- **WORK TASK**
Return all of the data exactly, omitting any images.

Captioned web images:
---+---

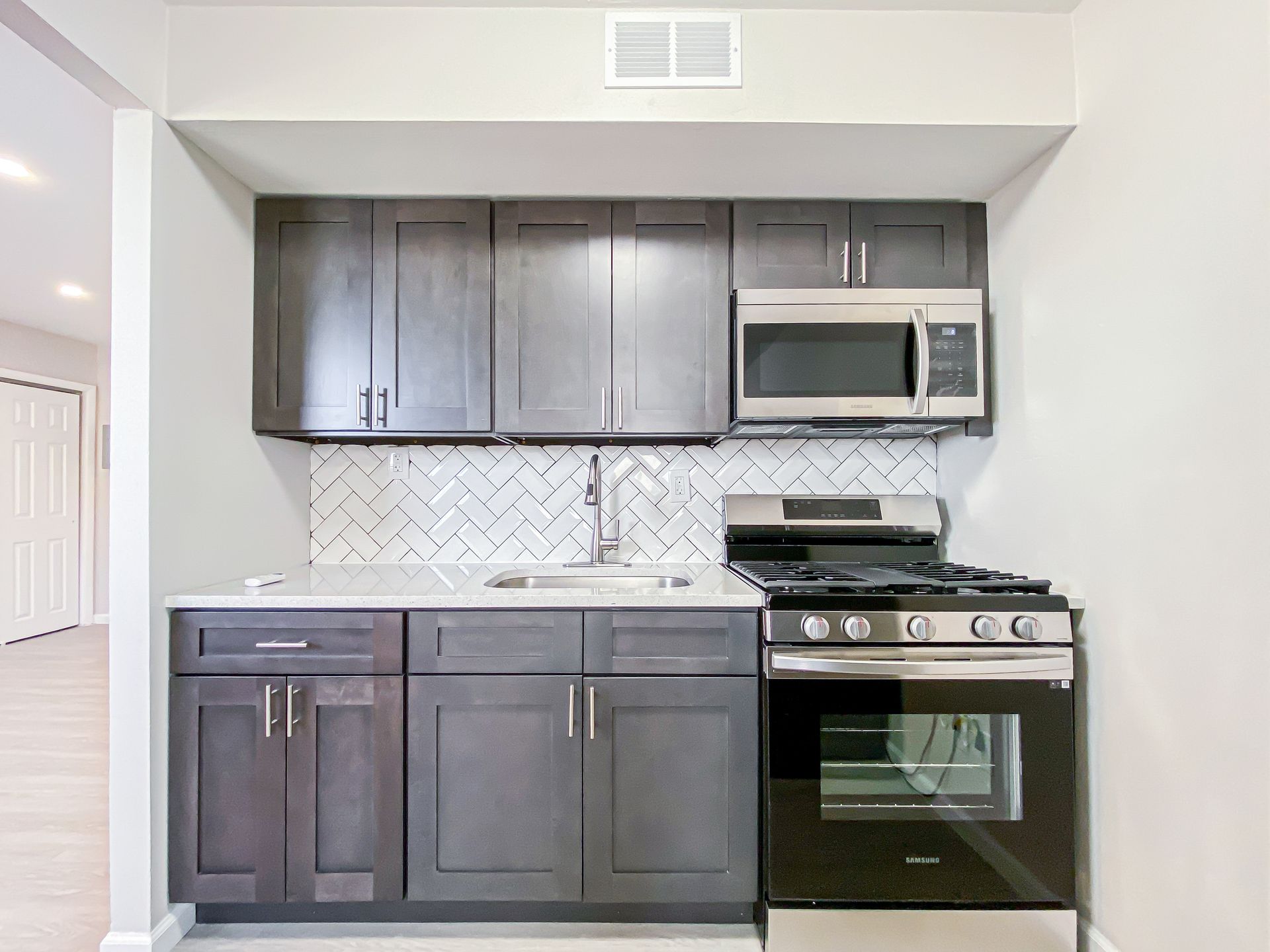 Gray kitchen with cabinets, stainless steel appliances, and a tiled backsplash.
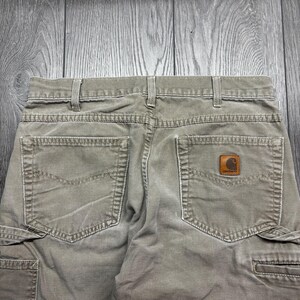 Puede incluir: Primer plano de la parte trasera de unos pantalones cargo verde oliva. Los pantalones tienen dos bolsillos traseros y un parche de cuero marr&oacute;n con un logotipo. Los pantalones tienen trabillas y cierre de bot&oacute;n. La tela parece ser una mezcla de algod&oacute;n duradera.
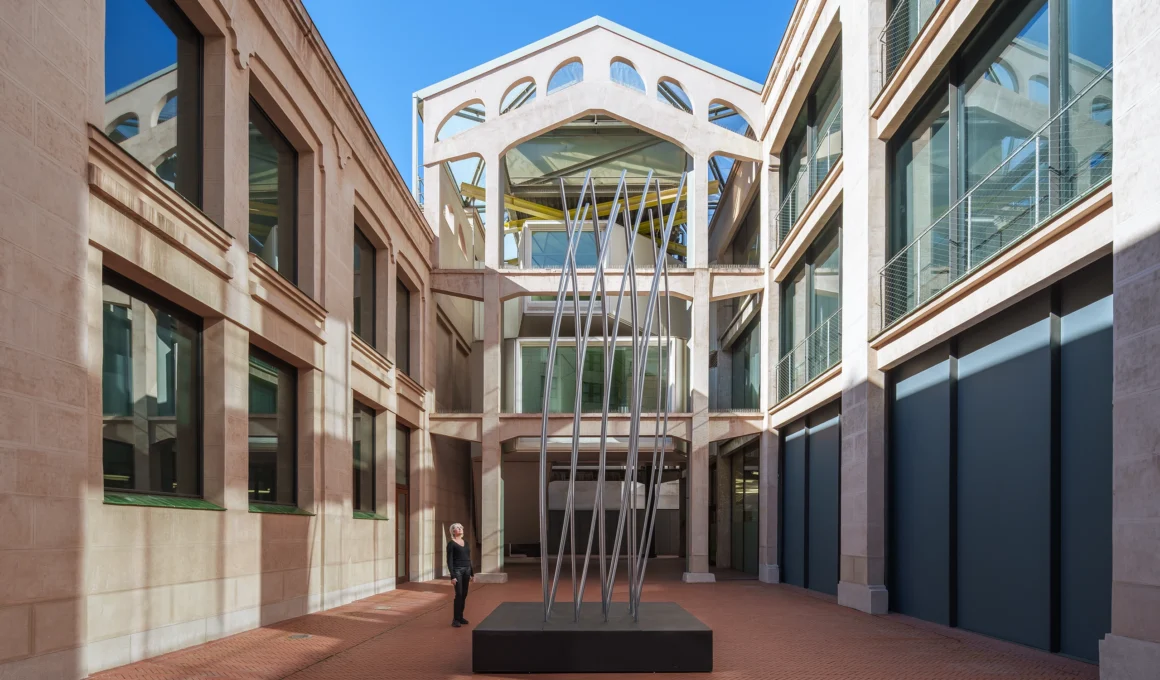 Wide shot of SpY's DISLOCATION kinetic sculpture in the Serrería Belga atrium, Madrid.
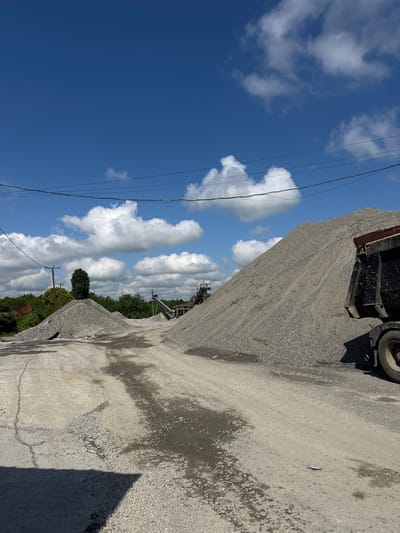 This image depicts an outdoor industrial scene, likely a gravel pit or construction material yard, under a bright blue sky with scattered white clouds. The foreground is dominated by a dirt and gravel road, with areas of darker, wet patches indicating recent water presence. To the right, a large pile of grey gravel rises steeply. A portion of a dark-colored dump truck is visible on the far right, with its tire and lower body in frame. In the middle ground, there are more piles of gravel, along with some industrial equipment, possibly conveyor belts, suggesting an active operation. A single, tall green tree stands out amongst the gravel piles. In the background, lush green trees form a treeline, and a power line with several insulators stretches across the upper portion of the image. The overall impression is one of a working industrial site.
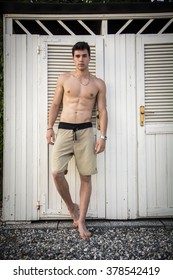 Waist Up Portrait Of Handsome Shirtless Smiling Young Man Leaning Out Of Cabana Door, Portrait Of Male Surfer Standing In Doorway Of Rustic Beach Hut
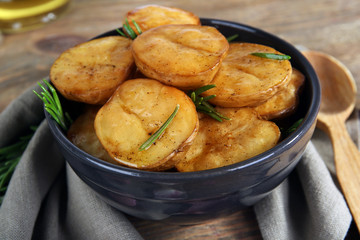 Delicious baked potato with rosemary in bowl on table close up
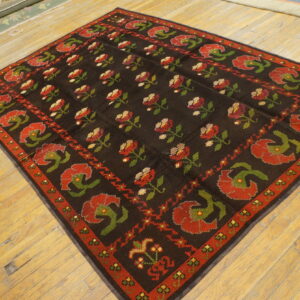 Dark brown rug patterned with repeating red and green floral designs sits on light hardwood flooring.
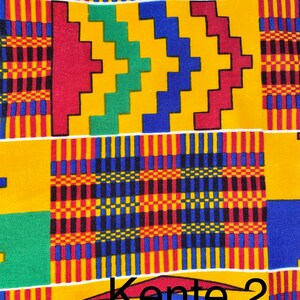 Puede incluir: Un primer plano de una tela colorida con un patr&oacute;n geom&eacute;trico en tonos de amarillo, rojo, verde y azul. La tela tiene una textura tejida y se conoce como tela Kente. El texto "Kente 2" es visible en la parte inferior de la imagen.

---+---

- **EXERCISE ANSWER**
 Gray kitchen with cabinets, stainless steel appliances, and a tiled backsplash.
 Puede incluir: Primer plano de la parte trasera de unos pantalones cargo verde oliva. Los pantalones tienen dos bolsillos traseros y un parche de cuero marr&oacute;n con un logotipo. Los pantalones tienen trabillas y cierre de bot&oacute;n. La tela parece ser una mezcla de algod&oacute;n duradera.
 Wide shot of SpY's DISLOCATION kinetic sculpture in the Serrería Belga atrium, Madrid.
 This image depicts an outdoor industrial scene, likely a gravel pit or construction material yard, under a bright blue sky with scattered white clouds. The foreground is dominated by a dirt and gravel road, with areas of darker, wet patches indicating recent water presence. To the right, a large pile of grey gravel rises steeply. A portion of a dark-colored dump truck is visible on the far right, with its tire and lower body in frame. In the middle ground, there are more piles of gravel, along with some industrial equipment, possibly conveyor belts, suggesting an active operation. A single, tall green tree stands out amongst the gravel piles. In the background, lush green trees form a treeline, and a power line with several insulators stretches across the upper portion of the image. The overall impression is one of a working industrial site.
 Waist Up Portrait Of Handsome Shirtless Smiling Young Man Leaning Out Of Cabana Door, Portrait Of Male Surfer Standing In Doorway Of Rustic Beach Hut
 Delicious baked potato with rosemary in bowl on table close up
 Dark brown rug patterned with repeating red and green floral designs sits on light hardwood flooring.
 Puede incluir: Un primer plano de una tela colorida con un patr&oacute;n geom&eacute;trico en tonos de amarillo, rojo, verde y azul. La tela tiene una textura tejida y se conoce como tela Kente. El texto "Kente 2" es visible en la parte inferior de la imagen.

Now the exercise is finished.